29 octobre 2016

Non, leur masculinité n'est pas "fragile"

On lit régulièrement, dans les discours féministes les plus classiques sur Internet, des apostrophes moqueuses à l'adresse d'hommes qui agressent des femmes, basées sur l'idée que ces hommes auraient une "masculinité fragile", qui serait la cause de leur violence. J'ai trouvé ça, par exemple, dans des cas où un homme, sur un site de rencontres, insultait une femme qui n'avait pas répondu à ses avances au bout de dix minutes ; mais aussi des situations où un homme avait tiré au revolver sur une femme qui n'avait pas répondu à son harcèlement de rue (ici le ton n'était plus amusé, mais l'idée était toujours là). 

Ça m'agace. D'un point de vue féministe, je trouve ça politiquement dangereux.

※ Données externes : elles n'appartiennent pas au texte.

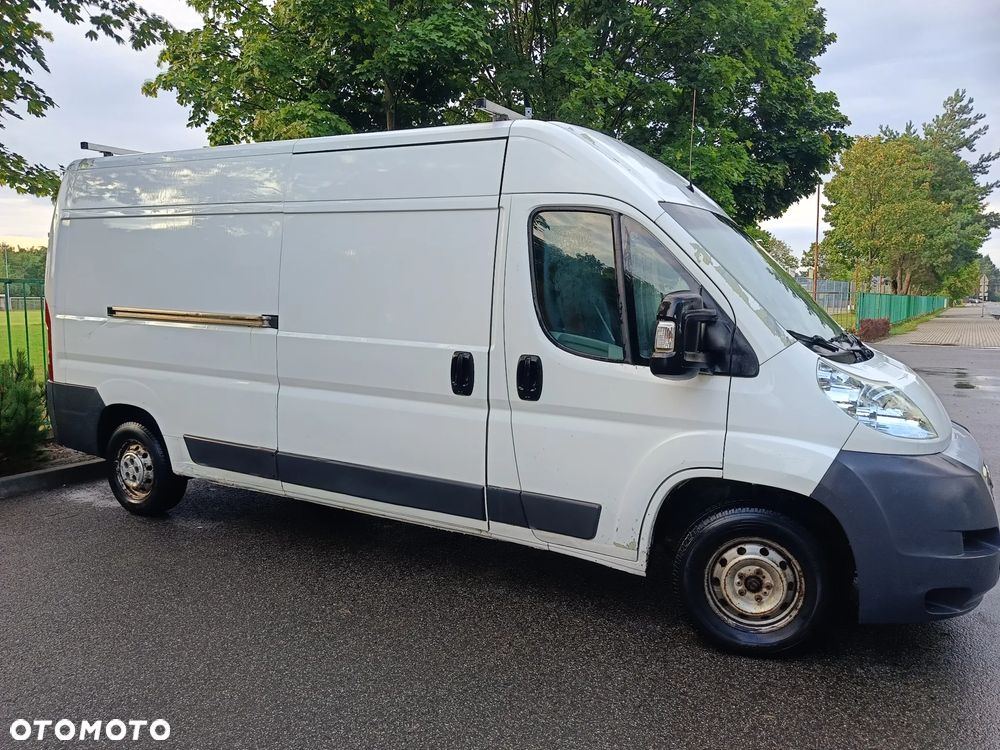 Fiat Ducato L3 - 3
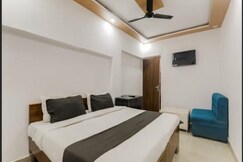 Hotel Diamond Dandaiya Stay Inn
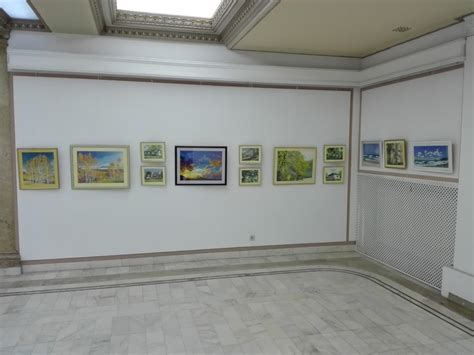 Expozitie De Pictura Bucuresti 2018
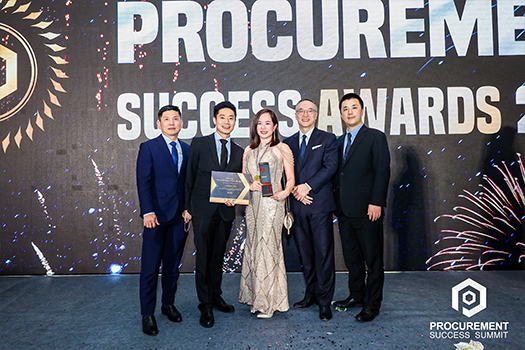 Award 3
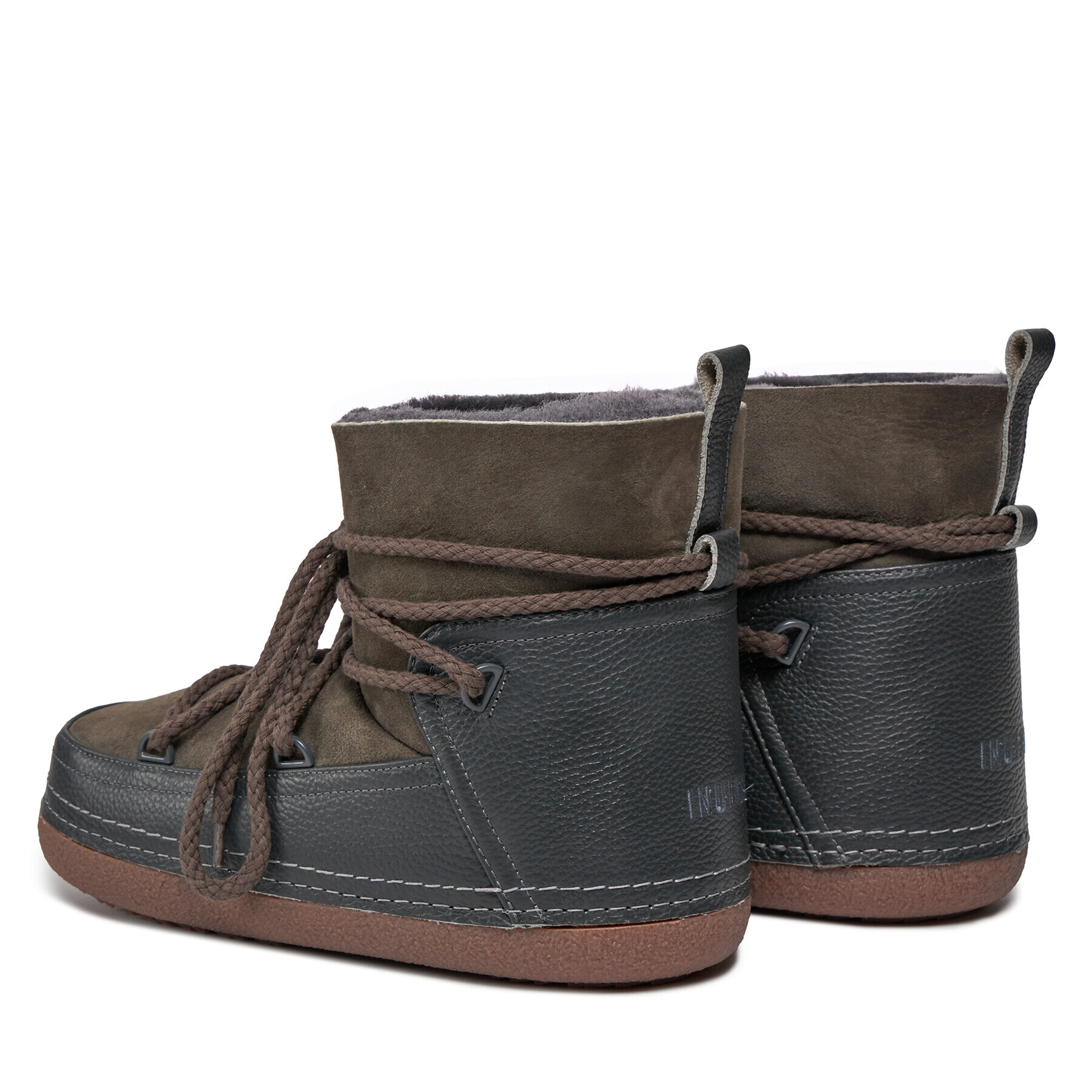 Inuikii Апрески Classic 55101-001 Кафяв - Pepit.bg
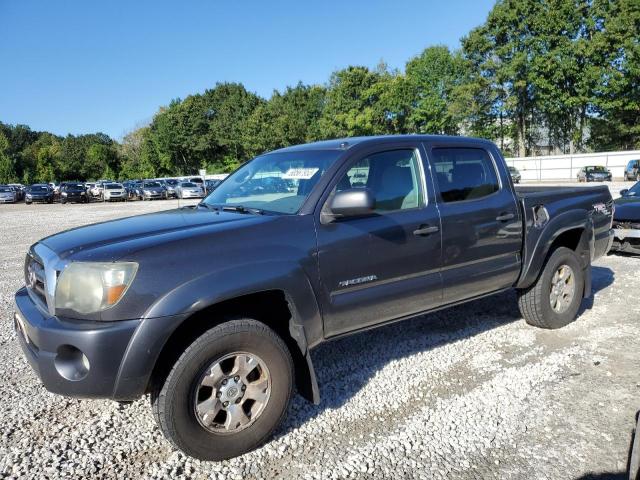 toyota tacoma dou 2009 3tmlu42n59m030154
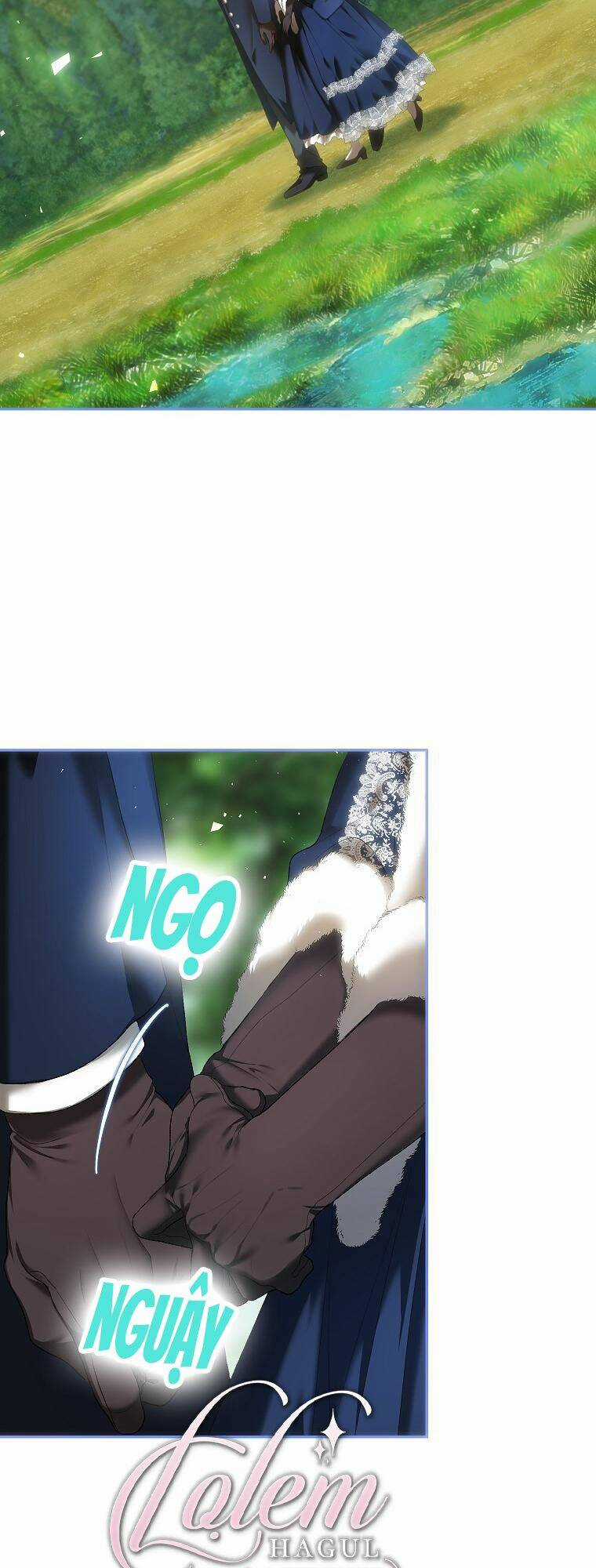 Quãng Đời Còn Lại Của Nữ Phụ Yểu Mệnh Chapter 41 trang 38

S'il existe une masculinité "fragile" qui conduit à agresser les femmes, c'est qu'il existe une masculinité "solide" (lol) qui aurait l'effet inverse. Une bonne masculinité, qui rendrait les hommes gentils et responsables. Je répondrais d'une part à ça que la masculinité/virilité est partout en Occident énoncée comme rattachée à des notions bien particulières : force, aptitude au combat, dureté. Des valeurs ayant un rapport étroit avec la violence, en fait.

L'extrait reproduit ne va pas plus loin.